The mathematical technologies used under the hood are various flavours of "persistent homology" (as is also the case for [`EuclideanCechPersistence`](https://giotto-ai.github.io/gtda-docs/latest/modules/generated/homology/gtda.homology.EuclideanCechPersistence.html) and [`CubicalPersistence`](https://giotto-ai.github.io/gtda-docs/latest/modules/generated/homology/gtda.homology.CubicalPersistence.html)). If you are interested in the details, you can start from the [theory glossary](https://giotto-ai.github.io/gtda-docs/latest/theory/glossary.html) and references therein.

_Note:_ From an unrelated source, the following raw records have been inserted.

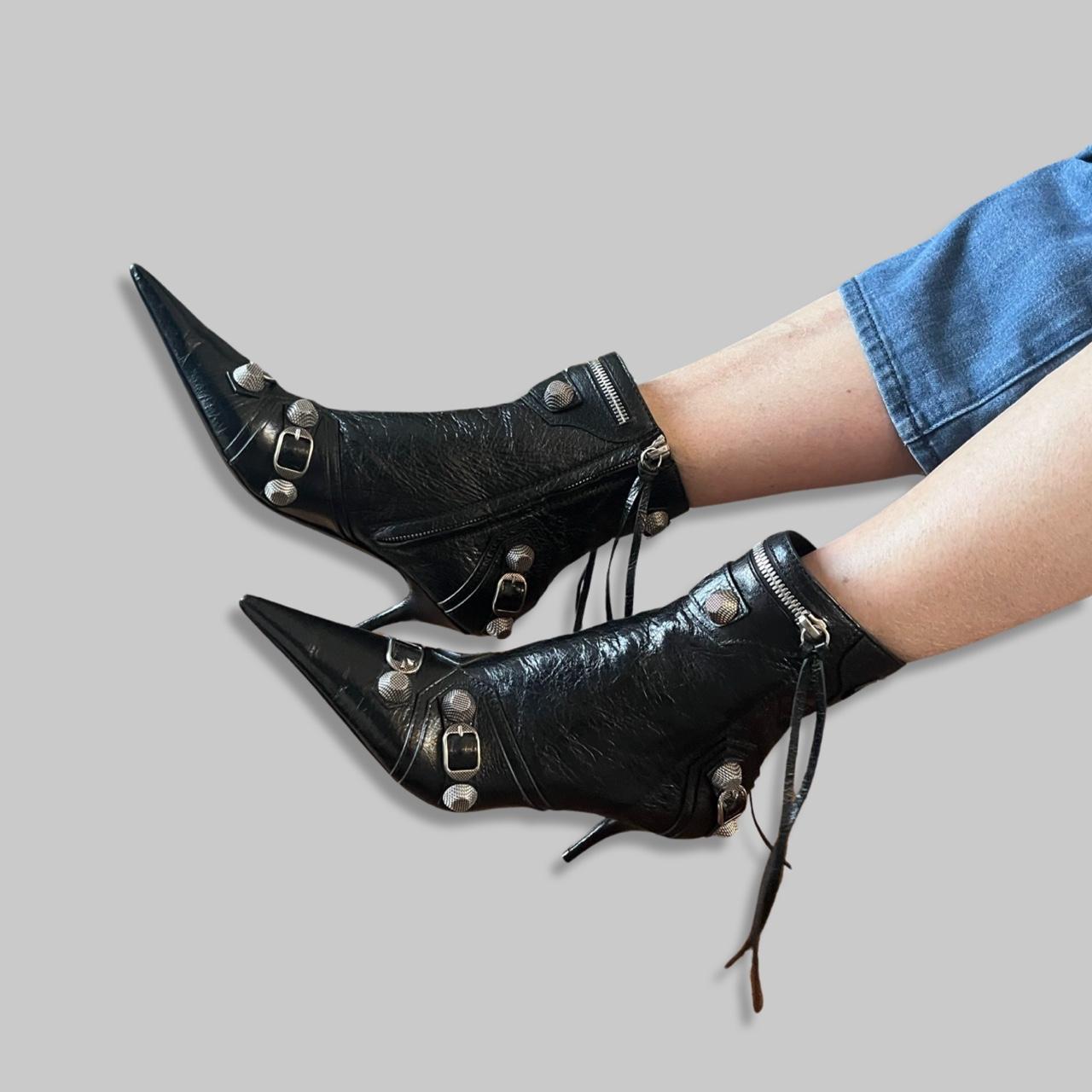 【関税＆送料込み】Balenciaga 'Cagole' Boots 19320476_54590700_1000.jpg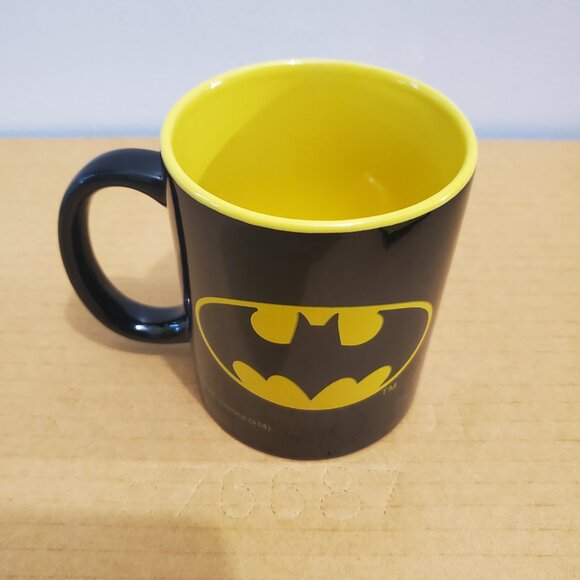 DC: Batman Logo Black and Yellow ( Mug ) - Picture 2 of 4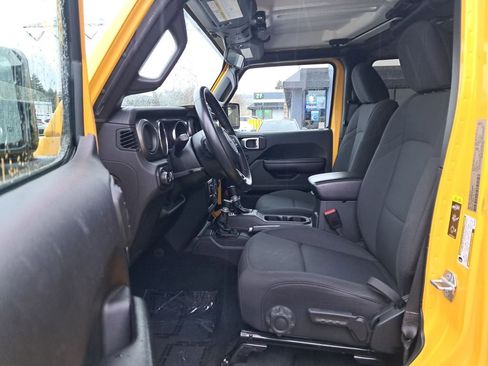 Used 2021 Jeep Wrangler Unlimited Sport image 12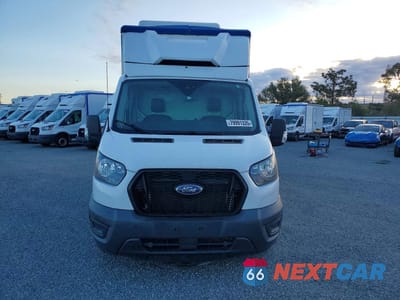 Piąte zdjęcie samochodu w środku: 2021 FORD TRANSIT DELIVERY TRUCK VIN:1FDBW5Z81MKA79942 - miniatura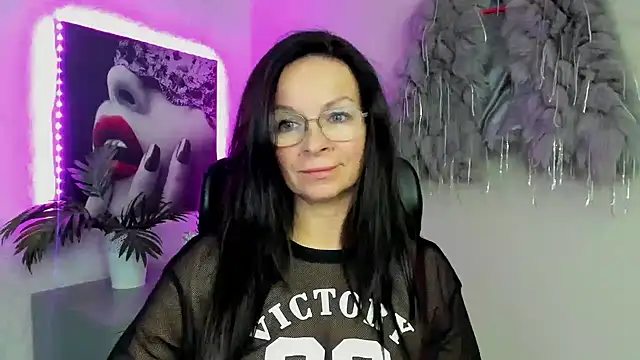 HelenLuxx online show from 27, 11, 2025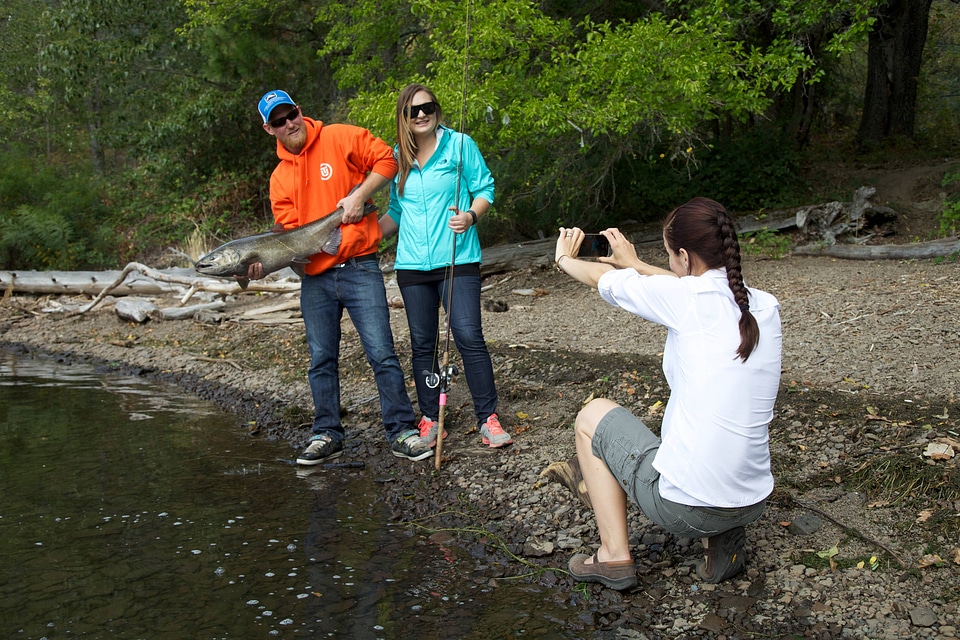 Photographer captures anglers with their fresh catch-2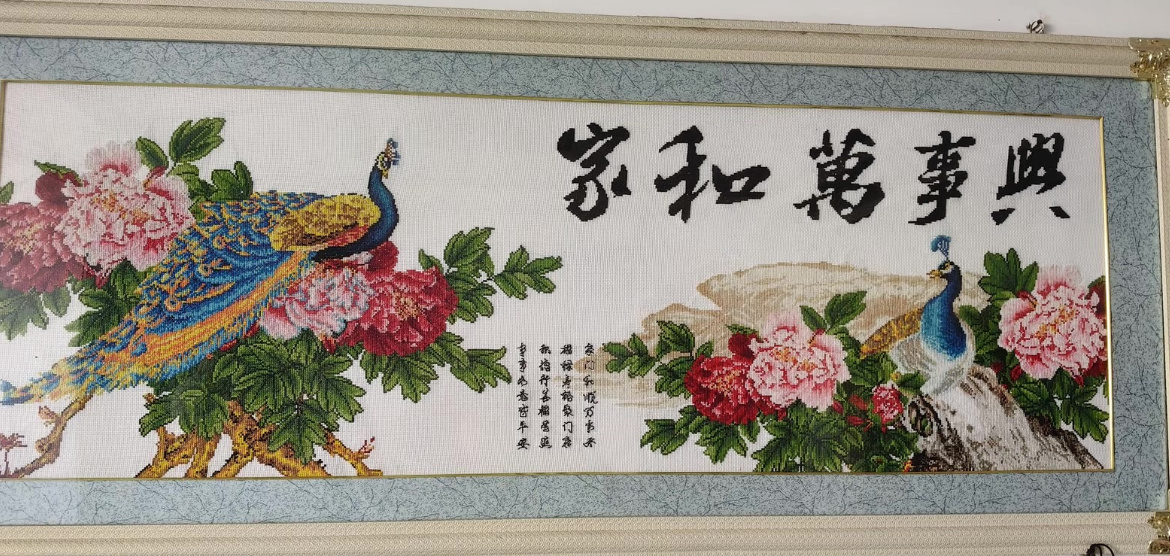 原来拼豆都是老辈子玩剩下的就是现在的拼豆火起来的时候我都蒙了，心里在想这不就是老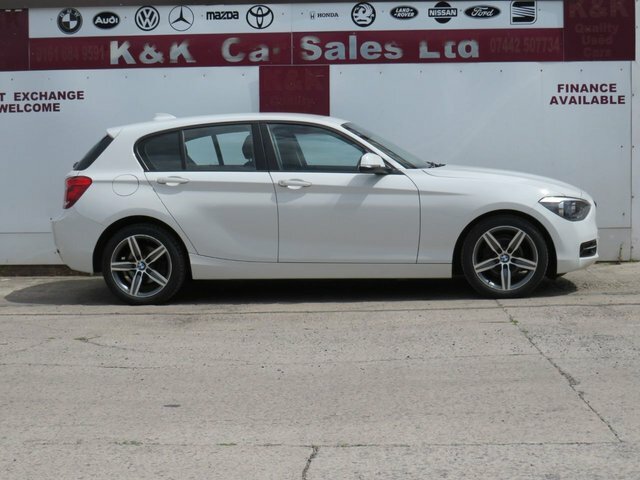 BMW 1 Series 2013 1.6 116I Sport Hatchback Eu White #3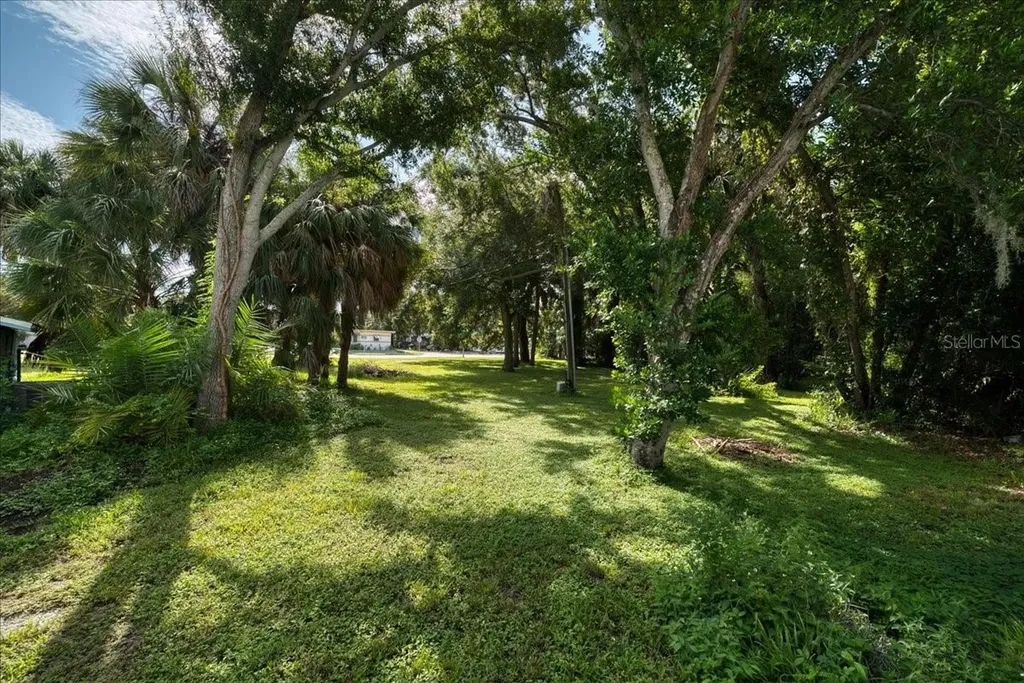 1040 Broadway Dunedin FL 34698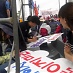 노동절 충북 집회에서 쌍차 문제를 알리는 피켓 선전과 행진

If you are looking at a static version of this notebook and would like to run its contents, head over to [github](https://github.com/giotto-ai/giotto-tda/blob/master/examples/persistent_homology_graphs.ipynb).


## See also

- [Topological feature extraction using `VietorisRipsPersistence` and `PersistenceEntropy`](https://giotto-ai.github.io/gtda-docs/latest/notebooks/vietoris_rips_quickstart.html) which treats the "special case" of point clouds (see below).
- [Plotting in `giotto-tda`](https://giotto-ai.github.io/gtda-docs/latest/notebooks/plotting_api.html), particularly Section 1.2 (as above, treats the case of point clouds).
- [Case study: Classification of shapes](https://giotto-ai.github.io/gtda-docs/latest/notebooks/classifying_shapes.html) (a more advanced example).

**License: AGPLv3**

## Import libraries

In [None]:
import numpy as np
from numpy.random import default_rng
rng = default_rng(42)  # Create a random number generator

from scipy.spatial.distance import pdist, squareform
from scipy.sparse import csr_matrix

from gtda.plotting import plot_diagram
from gtda.graphs import GraphGeodesicDistance
from gtda.homology import VietorisRipsPersistence, SparseRipsPersistence, FlagserPersistence

from igraph import Graph

from IPython.display import SVG, display

## Undirected graphs – `VietorisRipsPersistence` and `SparseRipsPersistence`

### Fully connected and weighted

We begin with the case of fully connected and weighted (FCW) undirected graphs. The short version of the story is that if you have a collection `X` of weighted adjacency matrices (which could be sparse or dense, and possibly upper-triangular), you can instantiate tranformers of class `VietorisRipsPersistence` or `SparseRipsPersistence` by setting the parameter `metric` as `"precomputed"`, and then call `fit_transform` on `X` to obtain the corresponding collection of *persistence diagrams* (see below for an explanation).

In [None]:
# Start creating a single 10 x 10 weighted adjacency matrix (of a FCW graph)
x = rng.random((10, 10))
# Fill the diagonal with zeros (not always necessary, see below)
np.fill_diagonal(x, 0)

# Create a trivial collection of weighted adjacency matrices, containing x only
X = [x]  # Alternative as a 3D array: X = x.reshape((1, **x.shape))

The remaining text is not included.